Modernisasi Kurikulum Pesantren Abstrak
- Diposting Oleh Admin Web IAIN Madura
- Rabu, 14 Juni 2017
- Dilihat 64 Kali
Zaman terus berubah dan sistem pendidikan saatini terus berkembang dengan berbagai kurikulum baru dan metode pembelajaran juga ikut berkembang dan berbeda dengan model pembelajaran sebelumnya sehingga dalam hal ini pesantren harus dapat menyesuaikan diri dalam menghadapi zaman/Era Modern yang menuntut setiap lembaga pendidikan tidak terkecuali pesantren untuk dapat menyesuaikan dengan keadaan sekarang ini sehingga tidak dijauhkan oleh masyarakat. Tantangan tunggal pesantren di masa modern adalah adanya gesekan-gesekan globalisasi dan modernisasi yang bersifat kompleks. Dalam menghadapi tantangan zaman, pesantren juga harus senantiasa memegang prinsip-prinsip pembaharuan yaitu: memiliki kebijaksanaan menurut ajaran Islam, memiliki kebebasan yang terpimpin, berkemampuan mengatur diri sendiri, memiliki rasa kebersamaan yang tinggi, menghormati orang tua dan guru, cinta kepada ilmu, mandiri, dan kesederhanaan. Kata Kunci, Modernisasi, Pembaharuan Kurikulum, Pesantren Pendahuluan
Al-muhafadhah ‘ala al-qadim ash-shalih wa al-akhdzu bi al-jadid al-ashlah, mempertahankan nilai-nilai lama yang baik dan mengadopsi nilai-nilai baru yang lebih baik. Kaidah ini menjadi salah satu motor penggerak bagi para kyai untuk melakukan tranformasi pengelolaan pesantren sejalan dengan tuntutan jaman. Sebagai momentum dimulainya gerakan tranformasi pesantren, menurut Azyumardi Azra, adalah dikenalkannya sistem pendidikan modern di bumi Nusantara, baik sistem pendidikan kolonial yang datang lebih awal maupun sistem pendidikan modern Islam yang datang kemudian. Walaupun pada awalnya kalangan pesantren menyambut dingin dan penuh curiga terhadap dua model pendidikan modern di atas, pada akhirnya pondok pesantren dengan penuh kesadaran mulai membuka terhadap perubahan. Salah satu aspek penting yang mengalami perubahan dalam lembaga pendidikan pesantren adalah aspek kurikulum, dari kurikulum lama yang sederhana dan luwes menjadi lebih beragam dan kompleks. Akan tetapi perubahan tersebut tidak berlaku umum bagi semua pesantren. Sejumlah pesantren bahkan tetap bertahan dengan kurikulum lama. Demikian pula bagi pesantren-pesantren yang melakukan perubahan, aspek-aspek perubahannya tidak sama antara pesantren yang satu dengan pesantren lainnya.

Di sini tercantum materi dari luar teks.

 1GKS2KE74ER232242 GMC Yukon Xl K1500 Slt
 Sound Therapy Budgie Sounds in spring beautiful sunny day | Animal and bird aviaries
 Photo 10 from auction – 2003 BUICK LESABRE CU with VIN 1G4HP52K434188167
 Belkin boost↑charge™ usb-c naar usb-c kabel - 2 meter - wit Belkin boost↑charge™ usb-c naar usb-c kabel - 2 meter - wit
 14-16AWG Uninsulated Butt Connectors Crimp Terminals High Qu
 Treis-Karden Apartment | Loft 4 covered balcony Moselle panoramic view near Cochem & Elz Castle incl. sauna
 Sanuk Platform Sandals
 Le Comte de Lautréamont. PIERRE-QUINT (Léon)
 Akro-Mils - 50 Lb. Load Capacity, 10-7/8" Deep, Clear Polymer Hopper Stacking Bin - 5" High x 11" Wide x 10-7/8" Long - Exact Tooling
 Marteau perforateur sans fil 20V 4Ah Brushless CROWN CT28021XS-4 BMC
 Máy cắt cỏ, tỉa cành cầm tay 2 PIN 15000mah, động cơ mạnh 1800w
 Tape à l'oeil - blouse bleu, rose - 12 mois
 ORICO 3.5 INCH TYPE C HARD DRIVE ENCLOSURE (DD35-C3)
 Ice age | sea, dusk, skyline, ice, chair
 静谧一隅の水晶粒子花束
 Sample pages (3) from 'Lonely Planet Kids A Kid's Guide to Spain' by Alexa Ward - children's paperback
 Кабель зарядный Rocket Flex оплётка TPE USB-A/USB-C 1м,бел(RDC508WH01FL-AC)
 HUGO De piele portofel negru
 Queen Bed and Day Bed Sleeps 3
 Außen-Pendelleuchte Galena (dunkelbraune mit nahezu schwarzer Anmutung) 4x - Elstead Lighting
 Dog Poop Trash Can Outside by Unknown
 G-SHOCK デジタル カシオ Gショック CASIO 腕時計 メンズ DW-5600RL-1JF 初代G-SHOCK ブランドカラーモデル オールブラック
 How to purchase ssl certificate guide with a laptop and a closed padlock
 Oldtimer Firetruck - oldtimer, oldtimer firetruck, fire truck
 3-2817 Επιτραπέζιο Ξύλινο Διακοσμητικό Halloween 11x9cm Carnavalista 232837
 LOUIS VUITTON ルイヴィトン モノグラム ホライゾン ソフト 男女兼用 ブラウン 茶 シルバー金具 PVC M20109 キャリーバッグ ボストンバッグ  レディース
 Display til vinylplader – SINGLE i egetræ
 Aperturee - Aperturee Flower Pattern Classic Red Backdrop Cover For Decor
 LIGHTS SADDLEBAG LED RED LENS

Dengan beragamnya aspek-aspek perubahan yang terjadi pada lembaga pesantren, berarti tipe dan karakter pesantren tidak lagi homogen seperti semula. Di masa sekarang terdapat beberapa tipe dan karakter pesantren, terutama jika dilihat dari kurikulum yang diterapkan. Tipe dan karakter pesantren yang ada sekarang, oleh masyarakat dibagi ke dalam dua kelompok besar, yakni pesantren tradisional dan pesantren modern. Pengelompokan ini, sebenarnya terlalu simplistis dan merupakan bentuk penyederhanaan dari masalah yang belum tuntas. Lebih-lebih apabila istilah tradisional dikontraskan dengan istilah modern, pasti akan semakin rumit dan membingungkan. Sebab dalam konteks sosiologis, apa yang disebut modern sebenarnya tidak pernah menciptakan suatu komunitas yang baru sama sekali, pasti terkait dan merupakan kelanjutan dari pola tradisional. Lebih-lebih apabila mencermati gerak perubahan yang terjadi pada kurikulum pesantren, model perubahannya tidak berlangsung secara radikal tercerabut dari akarnya. Perubahannya terjadi secara bertahap dan hati-hati di atas landasan tradisi masa lampaunya. Oleh karena itu, antara tradisi lama yang terjadi belakangan tidak bisa dipisahkan secara tegas, ada semacam kesinambungan di tengah-tengah perubahan (contiuity and change). Potret Pondok Pesantren dan Pendidikannya
Dalam buku editornya, Prof. Dr. H. Samsul Nizar, M.Ag menyebutkan bahwasanya Sudjoko Prasodjo mendefinisikan pesantren merupakan lembaga pendidikan dan pengajaran agama, umumnya dengan cara nonklasikal, di mana seorang kiai mengajarkan ilmu agama Islam kepada santri-santri berdasarkan kitab-kitab yang ditulis dalam bahasa Arab oleh ulama abad pertengahan, dan para santri biasanya tinggal di pondok (asrama) dalam pesantren tersebut. Di sini Sudjoko menggambarkan pesantren sebagai sebuah lembaga untuk menampung para peserta didik yang pada saat itu hanya dipelajari kitab-kitab bertuliskan bahasa Arab karya ulama-ulama terdahulu. Para peserta didik di sini disebut dengan istilah santri, karena mereka hanya dipelajari tentang ilmu agama oleh kiai yang ada di pesantren tersebut. Dan selama mereka belajar, sebagian besar dari peserta didik biasanya tinggal di sebuah pondok (asrama) yang disediakan oleh kiai yang ada di pesantren tersebut sehingga mereka disebut dengan istilah seorang santri.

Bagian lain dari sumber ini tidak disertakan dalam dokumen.